Bristol Culture (M Shed), Royal Museums Greenwich and Time and Tide, Norfolk are working together to represent the diversity of migrant experiences, locally and nationally through community consultations, skills sharing and collecting of oral histories.
Using collections that speak to migration and reflecting on how this movement of people, goods and ideas has created the UK’s rich multi-cultural society, the project will investigate the role that museums can play in social cohesion and representation.
The project will investigate how museum collections can better represent the histories and legacies of migration for Britain’s communities - informing future thinking for display, programming, research and collaborative working.
It will provide an opportunity for a consultative way of working that can be modelled in future collaborations.
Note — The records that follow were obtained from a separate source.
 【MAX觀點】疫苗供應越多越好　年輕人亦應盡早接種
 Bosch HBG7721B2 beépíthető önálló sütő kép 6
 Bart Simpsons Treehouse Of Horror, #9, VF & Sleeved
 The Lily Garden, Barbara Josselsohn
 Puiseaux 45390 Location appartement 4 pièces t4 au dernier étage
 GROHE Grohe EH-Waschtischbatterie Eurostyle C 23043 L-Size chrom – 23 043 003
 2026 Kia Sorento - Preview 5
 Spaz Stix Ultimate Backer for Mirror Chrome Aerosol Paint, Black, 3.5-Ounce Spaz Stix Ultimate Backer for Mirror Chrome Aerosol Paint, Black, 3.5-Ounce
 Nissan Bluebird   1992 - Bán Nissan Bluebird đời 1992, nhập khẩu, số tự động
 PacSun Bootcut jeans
This will ensure we not only represent the history of migration, but also provide contemporary representation of migrant experiences.
Video series: Seeing Ourselves in History
In this video series, Black historians, artists and researchers 'unbox' and interpret first hand some of the collection at Royal Museums Greenwich relating to Black lives and histories.
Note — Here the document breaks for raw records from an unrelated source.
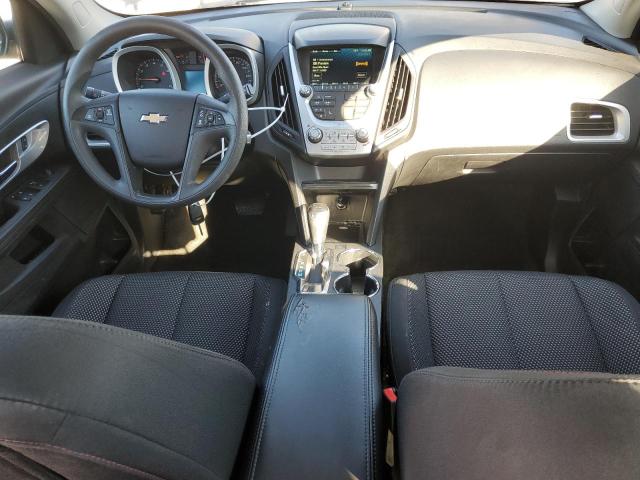 Паркетники CHEVROLET EQUINOX 2017 Синій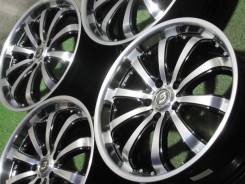 BADX Loxarny EX Byron Stinger. 8.0x19", 5x114.3, ET38, �� 73,1���. ����
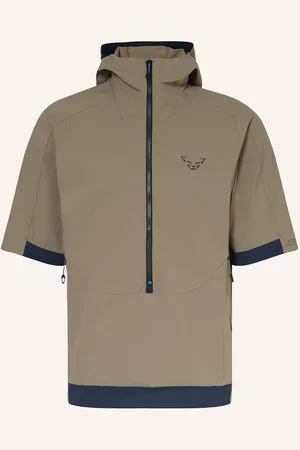 Dynafit Midlayer Transalper Dynastretch beige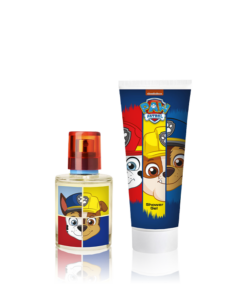 Air-Val Paw Patrol Gift Set (EDT 30 ml + Shower Gel 70 ml)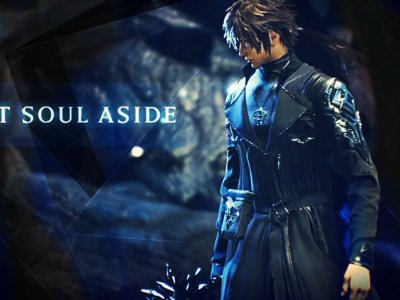 Lost Soul Aside 2020 Release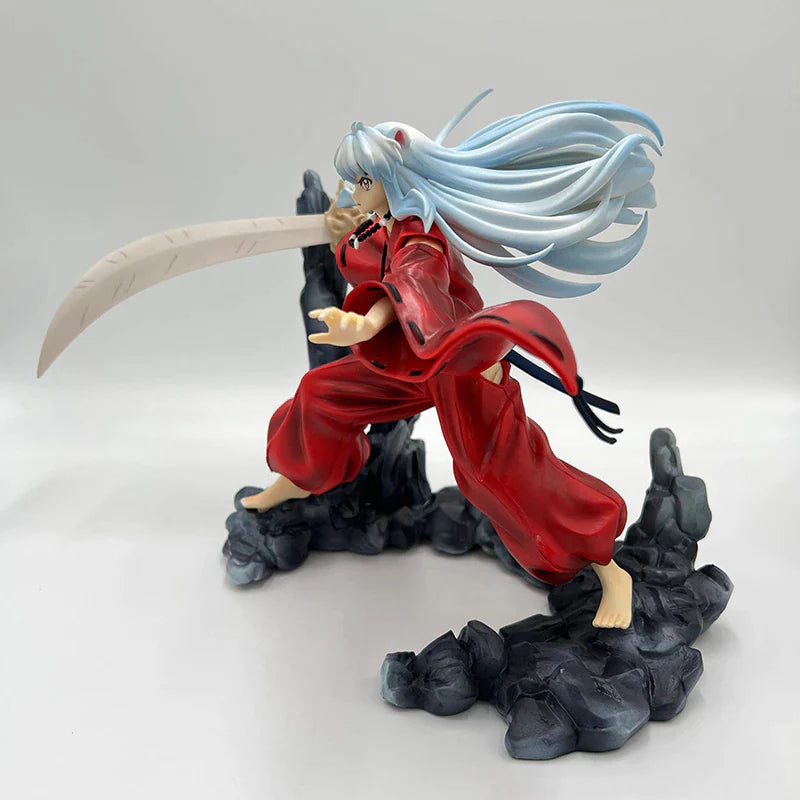 figurine-inuyasha-epee-inuyacha™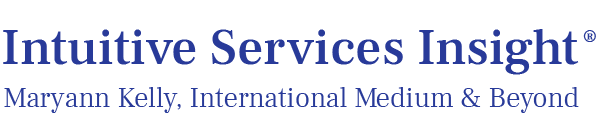Intuitive Services Insight Logo
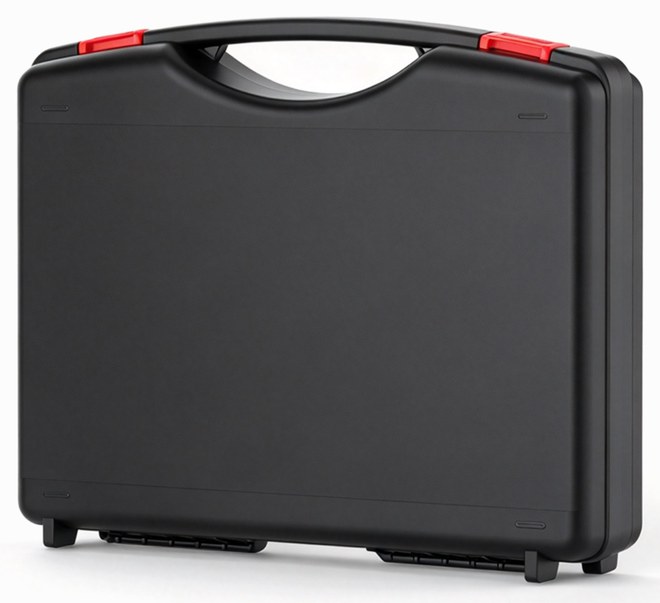 A1-017A 便携PP工具箱 Portable PP Toolbox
The series features Sharon Walters, Migrations, Heritage and Belonging facilitator; Serena Lee, Assistant Editor of Black History Month Editions magazine; Fiona Compton, artist and historian and artist Charmaine Watkiss.
HMT Empire Windrush and British nationality laws
In conversation with Dr Nadine El-Enany
Watch a discussion about the legislative changes made from 1948 to today on who can call themselves a British citizen.
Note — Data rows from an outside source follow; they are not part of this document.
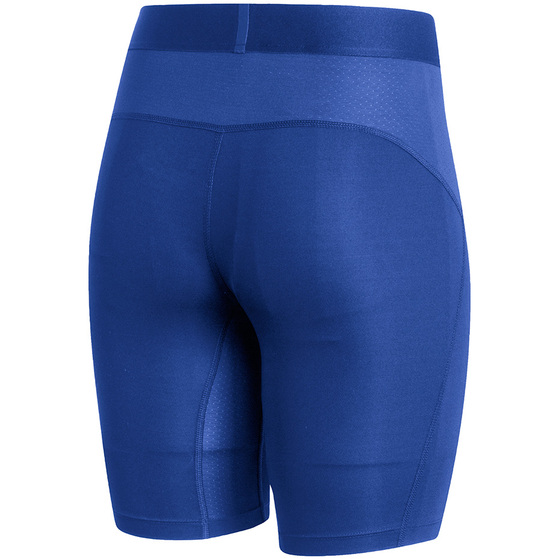 Spodenki męskie adidas Techfit Short Tight niebieskie GU4915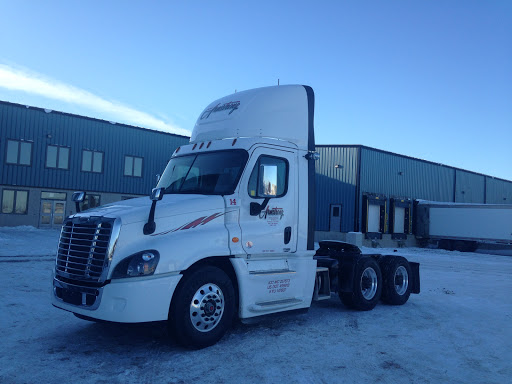 Ivan Armstrong Trucking - Thumbnail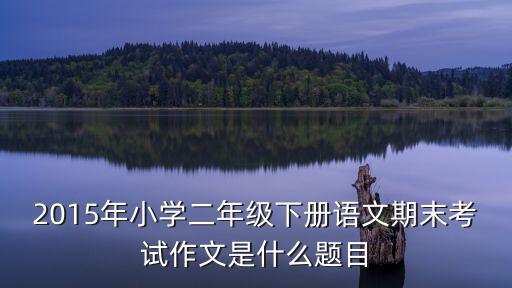 成都市二年級語文期末試卷，文博士20112012學年度第二學期期末教學質量檢測 二年級語文試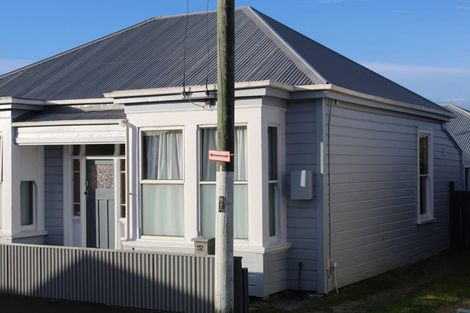 Photo of property in 45 Fingall Street, South Dunedin, Dunedin, 9012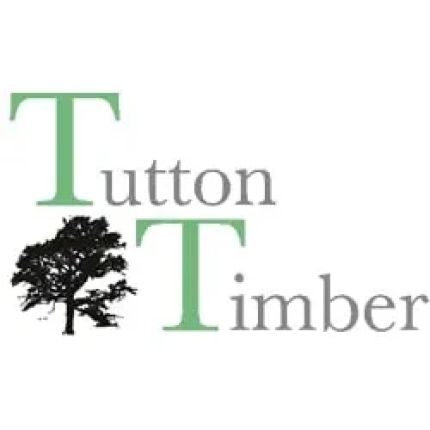 Logo fra Tutton Timber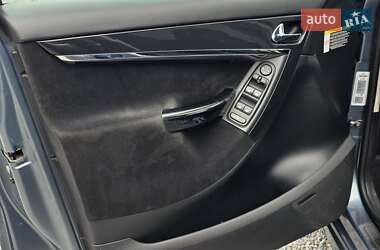 Минивэн Citroen Grand C4 Picasso 2009 в 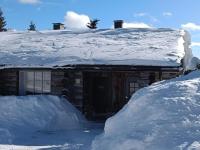 Revontuli 1 - Chambres d'hôtes Ruka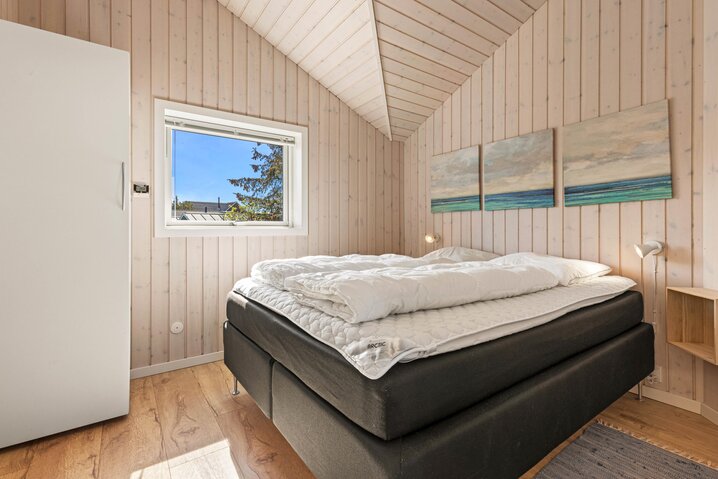 Ferienhaus 50059 in Mågevej 2, Vejers - Bild #12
HMT Empire Windrush was a former WW2 German troopship won as a prize of war by the British. The 1,000-plus passengers aboard the Empire Windrush on 22 June 1948 encapsulated the British Empire's changing relationship with its commonwealth citizens.
Chair: Chardine Taylor-Stone, project coordinator for Migration Heritage and Belonging.
Dr Nadine El-Enany
Dr Nadine El-Enany is Senior Lecturer in Law at Birkbeck School of Law and Co-Director of the Centre for Research on Race and Law. Her book (B)ordering Britain: Law, Race and Empire was published by Manchester University Press in February 2020. (B)ordering Britain argues that Britain is the spoils of empire, its immigration law is colonial violence and irregular immigration is anti-colonial resistance.
Read the Diwali zine
An interfaith collection of art and memoir, celebrating queer resilience and the light within. The zine is made up of submissions from South Asian communities in London and around the world.
I created this zine to celebrate the persistent creativity of queer communities and how we keep traditions alive while cultivating our own.Anju Kasturiraj, Editor and Community Facilitator for the Migrations, Heritage and Belonging project
Listen to the podcast
Anju Kasturiraj, a Migration, Heritage & Belonging Community Facilitator at the National Maritime Museum, in conversation with Hansika Jethnani, a queer poet and activist on the topics of Diwali, religious violence, and queer interfaith spaces.
Our two community facilitators will be working to bring this project to life and providing spaces for communities to engage and interrogate our collections.
Sharon Walters is a London-based artist and educator, passionate about collaborating with communities, particularly under-represented groups.
She is experienced in curating programmes and introducing collections and archival material to those whose voices are often unheard. Skilled in finding new innovative ways to work with people and developing her socially engaged practice across many environments, Sharon has built an impressive network of people she has worked with over the years.
For the past four years she has worked part-time for Gunnersbury Park Museum (GPM), leading on community engagement and public programmes across the park and museum. Her roles have included devising creative engagement opportunities, reaching new and existing audiences and working with diverse communities inspired by the collection and the heritage parkland.
The impact on the projects has meant ongoing legacy and plans for projects and funding applications with hugely under-represented groups. In all aspects of her work, she aims to collaborate and empower others, ensuring under-represented groups work with arts and heritage organisations to bring about long-term, impactful generational change.
Anju Kasturiraj is a queer South Indian-American filmmaker, writer, and curator.
She engages with video arts, live performance, and poetry as methods of practicing ancestral veneration, decolonisation, and intergenerational healing.
Anju is currently working for her MA in Performance Design and Practice at Central Saint Martins, and splits her time between London and Los Angeles. She received her BA from the University of San Francisco in Critical Diversity Studies with a focus on Gender & Sexuality, and a minor in Sociology, which informs her creative practice.